I am sorry that I haven’t been around over the past week or so. I was feeling pretty much paralyzed by the many devastating world events that were unfolding. It was tough to do much blogging when my heart was aching over the loss of one person that I knew well who passed away last week and thousands of others whom I had never met who lost their lives, their family members, friends and homes.
As a small act of self-preservation I pried my fingers off the keyboard (as they flew from the CBC to the BBC to CNN) and moved into the one room in the house that can always make me feel a bit more centred.
I spent last week in the kitchen cleaning and cooking and thinking.
I organized cupboards, scrubbed pots, went through the freezer and fridge (how many jars of half used Tom Yum sauce does one person need?) and weeded through the flotsom and jetsom of that catch-all drawer next to the cutlery.
As I cleaned and organized I thought and thought. I thought about what I could do and where I could donate and then I gave what I could. I thought about how lucky I am to be surrounded by such wonderful family and friends and how much they mean to me. I thought about how life can be so unpredictable and fragile and about its fleeting beauty. About the importance of living your life as if each day were your last yet still planning on living for a very long time. And about how I could possibly explain all these things to my son when I struggle to understand them myself.
And then I cooked. Nothing fancy or earth shattering or even very photogenic. I made chicken noodle soup, a beef stew, some garlic pasta, a fennel salad.

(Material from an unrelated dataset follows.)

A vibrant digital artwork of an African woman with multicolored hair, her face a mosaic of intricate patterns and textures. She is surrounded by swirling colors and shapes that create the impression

The sun came out this afternoon (finally) and I remembered that I had some blood oranges and tangerines and grapefruits in the fridge left over from a dinner that we had with our wonderful neighbours on Sunday. I thought about how spring was officially here and with the coming of the daffodils the season for citrus fruits would soon be gone.
I have been pondering the words of Ruth Reichl who posted this past week on her blog “…in the face of ongoing disaster, it is […] our moral resonsiblilty to appreciate what we have. That is why cooking good food for the people that I love is so important to me; in a world filled with no, it is a big yes. So eat a good breakfast. Be grateful for what you’ve got. Enjoy the sunshine while you’ve got it. Then go out and save the world.”
Blood Orange Sorbet with a Cardamom Scented Citrus Salad
Feel free to use any combination of citrus fruits that you have on hand for the salad. Also, tangerine or orange juice can be substituted for the blood orange juice using the same ratios listed below.
For the sorbet:
2 cups fresh blood orange juice (from approximately 8 to 10 blood oranges)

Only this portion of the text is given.